27 Maret 2011

Pemain atau Preman?





Kasus pengeroyokan terhadap suporter Sriwijaya FC Palembang yang dilakukan oleh empat pemain tim itu sungguh memprihatinkan. Ini kasus yang (mungkin) baru pertama kali terjadi di Indonesia.
Ironisnya, keempat pemain itu berkaliber tim nasional. Bahkan salah seorang dari mereka adalah kapten tim nasional Indonesia.
Mereka bereaksi negatif lantaran merasa terhina oleh ocehan oknum suporter yang kecewa melihat Sriwijaya tampil buruk.
Di liga yang sudah mapan, pemain terlibat keributan bukan hal langka. Tapi dengan suporter tim sendiri? Rasanya sangat jarang.
Yang pernah terjadi adalah bentrokan dengan suporter lawan. Misalnya kasus tendangan kung-fu Eric Cantona ketika masih memperkuat Manchester United terhadap suporter Crystal Palace 15 tahun lalu.
Di Italia, suporter justru biasa "menyerang" tim sebagai reaksi protes perjalanan tim yang buruk. Biasanya mereka menyerbu markas latihan tim atau melempari bis tim dengan telur busuk, tomat dan berbagai benda lain.
Suporter di Italia biasanya menyerbu markas latihan dalam rangka ingin bicara langsung, entah kepada kapten tim atau pelatih. Mereka muak pada tim yang terus menerus kalah.
Sementara di Inggris, beberapa pemain sempat terlibat keributan di bar. Tapi itu terjadi di luar konteks sepakbola. Perkelahian terjadi karena situasi mabuk. Mungkin di sini dikenal istilah "senggol bacok" :D
Inilah yang sepatutnya diketahui pemain pro di Indonesia. Profesi mereka memang masih baru, secara resmi belum diakui masyarakat.
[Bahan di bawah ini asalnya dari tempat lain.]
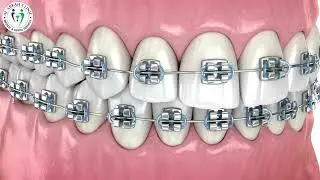 Orthodontic Braces | Dental Braces in Dubai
Tugas mereka adalah menjawab tudingan atau hinaan fans dengan berlatih keras dan bermain lebih baik di lapangan. Bukan meresponnya dengan bogem mentah, keroyokan pula hingga si suporter masuk rumah sakit!
Apa yang dilakukan suporter Sriwijaya juga tak pada tempatnya. Mereka melakukannya di luar stadion dan bukan saat pertandingan. Tak perlu kita meniru yang dilakukan suporter di Italia. Apalagi jika kita menuntut tim berprestasi kelewat tinggi. Padahal level tim kita masih kelas sekian di Asia.
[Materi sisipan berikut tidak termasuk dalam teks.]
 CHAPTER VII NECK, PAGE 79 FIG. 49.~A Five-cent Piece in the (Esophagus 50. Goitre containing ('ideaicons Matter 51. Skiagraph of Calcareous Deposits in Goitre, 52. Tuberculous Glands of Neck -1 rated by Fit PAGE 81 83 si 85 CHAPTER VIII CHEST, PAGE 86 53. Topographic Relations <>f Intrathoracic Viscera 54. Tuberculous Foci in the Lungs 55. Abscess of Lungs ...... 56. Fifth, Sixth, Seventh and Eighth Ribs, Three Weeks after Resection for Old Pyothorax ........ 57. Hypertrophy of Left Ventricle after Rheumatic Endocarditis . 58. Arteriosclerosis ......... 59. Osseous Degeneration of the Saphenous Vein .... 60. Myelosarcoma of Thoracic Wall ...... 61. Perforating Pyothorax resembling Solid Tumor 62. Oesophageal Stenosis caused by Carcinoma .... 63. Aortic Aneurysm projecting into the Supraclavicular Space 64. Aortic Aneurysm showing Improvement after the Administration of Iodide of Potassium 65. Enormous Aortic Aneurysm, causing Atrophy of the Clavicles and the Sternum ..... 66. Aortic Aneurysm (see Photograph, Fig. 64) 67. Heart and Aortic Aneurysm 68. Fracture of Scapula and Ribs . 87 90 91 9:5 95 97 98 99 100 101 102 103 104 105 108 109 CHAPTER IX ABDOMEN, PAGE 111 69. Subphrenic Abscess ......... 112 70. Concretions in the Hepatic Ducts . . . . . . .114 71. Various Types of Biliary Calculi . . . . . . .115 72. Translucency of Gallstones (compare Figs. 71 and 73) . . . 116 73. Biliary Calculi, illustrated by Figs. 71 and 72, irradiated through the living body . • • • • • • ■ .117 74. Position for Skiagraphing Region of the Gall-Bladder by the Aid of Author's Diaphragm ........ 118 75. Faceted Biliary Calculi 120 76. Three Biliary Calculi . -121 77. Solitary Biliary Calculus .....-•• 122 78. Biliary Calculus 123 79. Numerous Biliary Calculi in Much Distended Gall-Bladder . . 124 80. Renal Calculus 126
Tindakan mencemooh tim sendiri justru merugikan. Tingginya beban hanya membuat permainan tim tak berkembang. Manajer gaek Sir Alex Ferguson pernah mengatakan budaya penonton Inggris yang gemar membunyikan suara "huuuu" pada pemain tertentu membuat permainan Inggris tak berkembang.
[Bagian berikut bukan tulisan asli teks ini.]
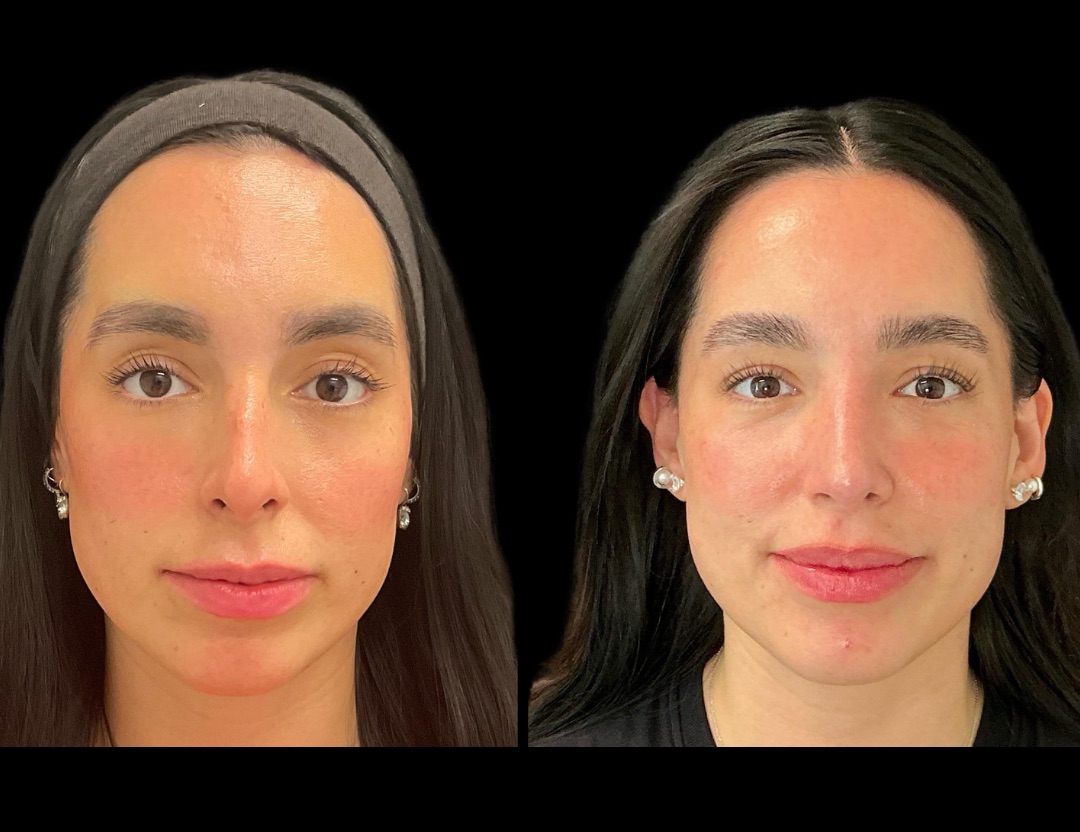 Copy of Copy of 37862 rhino female before and after – 1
Tugas suporter adalah memotivasi timnya, bukan justru memberangusnya.
Suporter Arema Indonesia punya lirik lagu yang menurut saya bagus untuk memotivasi pemain: "Arema bukan putri Solo..." Maksudnya para pemain Arema tak boleh bermain lemah gemulai karena mereka adalah atlet yang digembleng keras dan dibayar sehingga harus bermain giat.
Bila sudah mendengar lagu seperti ini, tinggal para pemain menjawabnya di lapangan. Bukan lagi menggunakan cara-cara preman. Tunjukkan bahwa Anda pemain profesional.